Partially observed RL
Actions $a_{t}$ , states $s_{t}$ , observations $o_{t}$ .

\begin{align*} & \pi_{\theta}(\mathbf{a}_{t}\mid \mathbf{o}_{t}) \\ & p(\mathbf{o}_{t}\mid \mathbf{s}_{t}) \\ & p(\mathbf{s}_{t+1}\mid \mathbf{s}_{t},\mathbf{a}_{t}) \end{align*}

Fully observed RL
$\mathbf{o}_{t}=\mathbf{s}_{t}$ , so observations are unnecessary.

\begin{align*} & \pi_{\theta}(\mathbf{a}_{t}\mid \mathbf{s}_{t}) \\ & p(\mathbf{s}_{t+1}\mid \mathbf{s}_{t},\mathbf{a}_{t}) \end{align*}

Behavioral Cloning
What if we wanted to do supervised learning? When collecting data, we can measure several demonstration trajectories

\{ (\mathbf{o}_{1}^{(i)},\mathbf{a}_{1}^{(i)},\dots ,\mathbf{o}_{H}^{(i)},\mathbf{a}_{H}^{(i)}) \}_{i=1}^{N}

Behavioral cloning, a form of imitation learning, involves maximizing the log-probability of the policy—this is effectively just supervised learning/maximum likelihood estimation with a neural network.

\underset{ \theta }{ \arg\max }\sum_{i=1}^{N} \sum_{t=1}^{H} \log \pi_{\theta}(\mathbf{a}_{t}^{(i)},\mathbf{o}_{t}^{(i)})

The algorithm itself would take the raw data (e.g. image) and process it with an encoder to produce the action distribution parameters.

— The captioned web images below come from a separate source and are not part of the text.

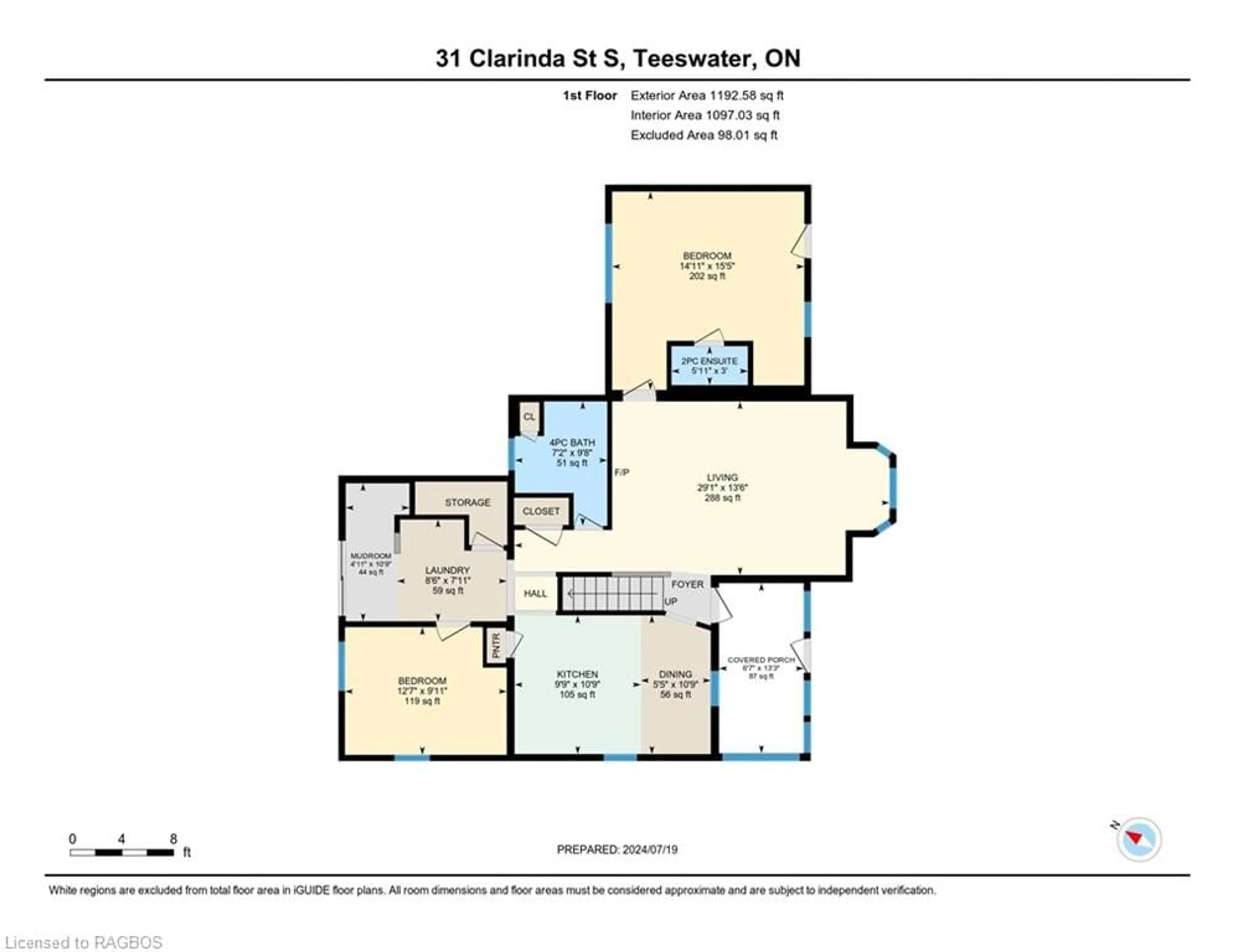 Floor plan for 31 Clarinda St, Teeswater Ontario N0G 2S0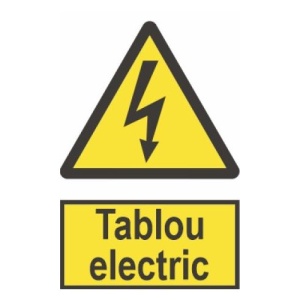 Indicator protectia muncii tablou electric, Sticker autocolant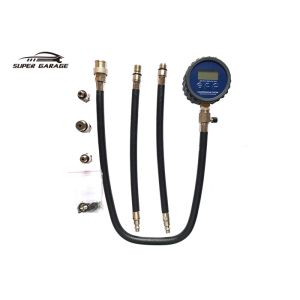 Digital Engine Cylinder Compression Tester Kit 0-2100kPa 0-300PSI With Black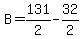 B=131%2F2-32%2F2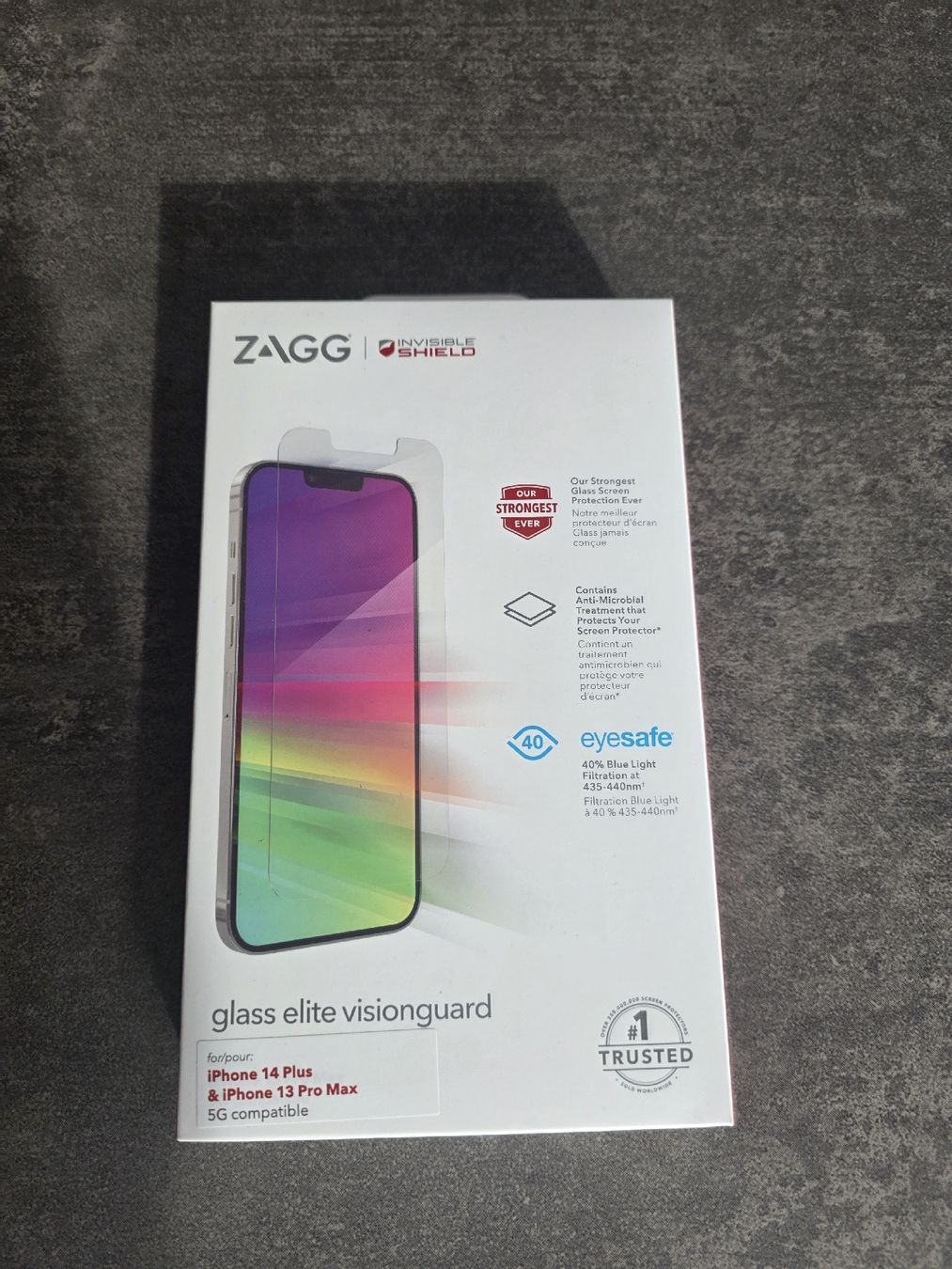 Lackretusche & Schutzfolien: Protection écran Zagg iPhone 14 Plus 13 pro max – Neu und originalverpackt aus Riaz von dex_mnf8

For discrete actions, these parameters are logits that are then processed with a softmax. For continuous actions, these parameters are actual distribution parameters, i.e. they are values like Gaussian means and covariance that parametrize the distributions of each action.

\begin{align*} & \text{Output: } \begin{bmatrix} f_{1}(\mathbf{o}_{t}) \\ \vdots \\ f_{A}(\mathbf{o}_{t}) \end{bmatrix} && \implies && p(\mathbf{a}_{t}=1\mid \mathbf{o}_{t})= \frac{\text{exp}(f_{1}(\mathbf{o}_{t}))}{\sum_{i=1}^{A} \exp(f_{i}(\mathbf{o}_{t}))} \\ & \text{Output: } \begin{bmatrix} \mu(\mathbf{o}_{t}) \\ \Sigma(\mathbf{o}_{t}) \\ \end{bmatrix} && \implies && p(\mathbf{a}_{t}\mid \mathbf{o}_{t})=\mathcal{N}(\mathbf{a}\mid \mu(\mathbf{o}_{t}),\Sigma(\mathbf{o}_{t})) \end{align*}

Does Behavioral Cloning Work?
The main issue with behavioral cloning is that, in RL, data is not i.i.d., i.e. earlier actions in the sequence affect later states. However, after a slight divergence from the training trajectory (due to a small error from the model), the error will be amplified across the future trajectory; as the model diverges further from the training trajectory, its error subsequently grows. This problem may be addressed in several ways:

Change the algorithm (DAgger)
Use better models that make fewer mistakes
Smarter data collection/augmentation
Multi-task learning

But first, we formalize the notion of this divergence, which is termed distributional shift, i.e. $p_{\text{train}}(\mathbf{x})\neq p_{\text{test}}(\mathbf{x})$ . At some point in testing, $p_{\pi_{\theta}}(\mathbf{o}_{t})\neq p_{\text{data}}(\mathbf{o}_{t})$ . We'll now try and quantify just how bad this distributional shift can be for behavioral cloning. Note that this theoretical view is not necessarily representative of real-world, typical behavior.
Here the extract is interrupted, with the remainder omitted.